▶ **What you need to do**:
Note on the material below: return exactly the lines from the line that holds "Casa a la venta" through the line that holds "women printed three", and leave out each picture.
------ Input data
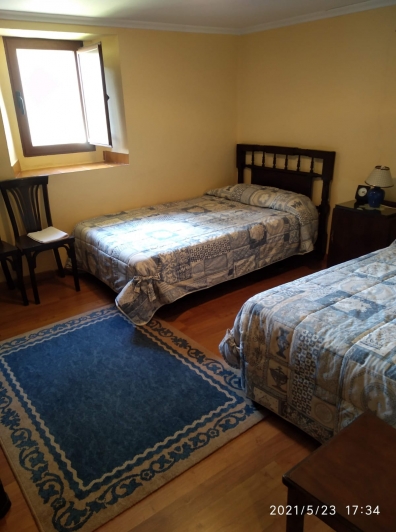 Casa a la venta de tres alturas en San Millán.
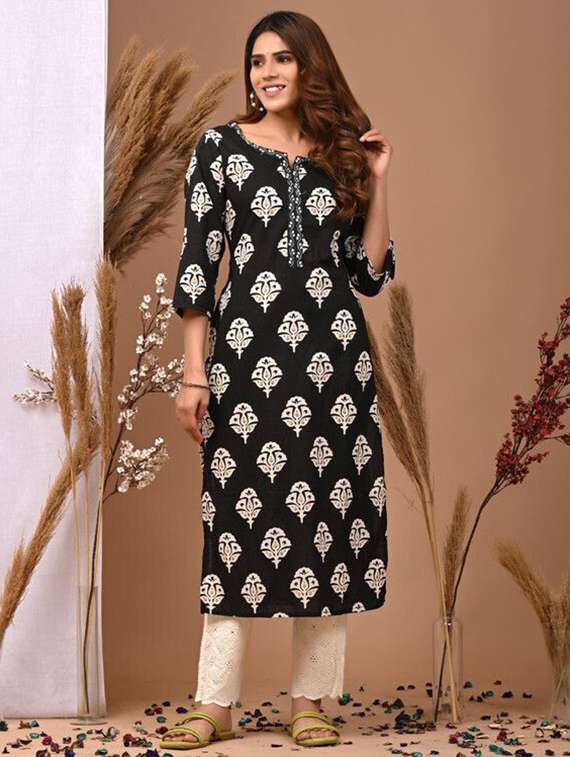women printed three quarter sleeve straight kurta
------------
------ Input data
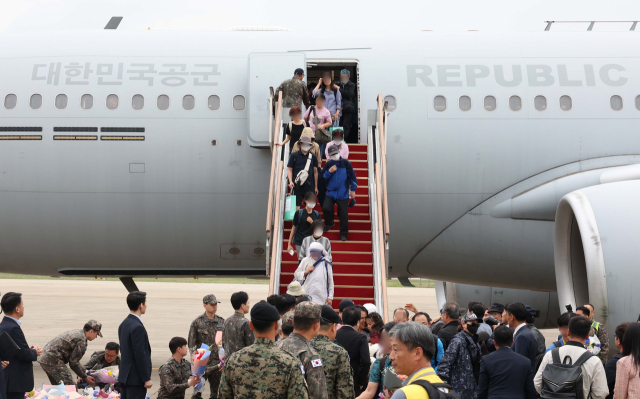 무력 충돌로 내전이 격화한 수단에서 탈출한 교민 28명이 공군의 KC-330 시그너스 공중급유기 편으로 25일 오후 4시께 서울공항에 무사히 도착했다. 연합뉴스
------------
▶ **Task output**:
 Casa a la venta de tres alturas en San Millán.
women printed three quarter sleeve straight kurta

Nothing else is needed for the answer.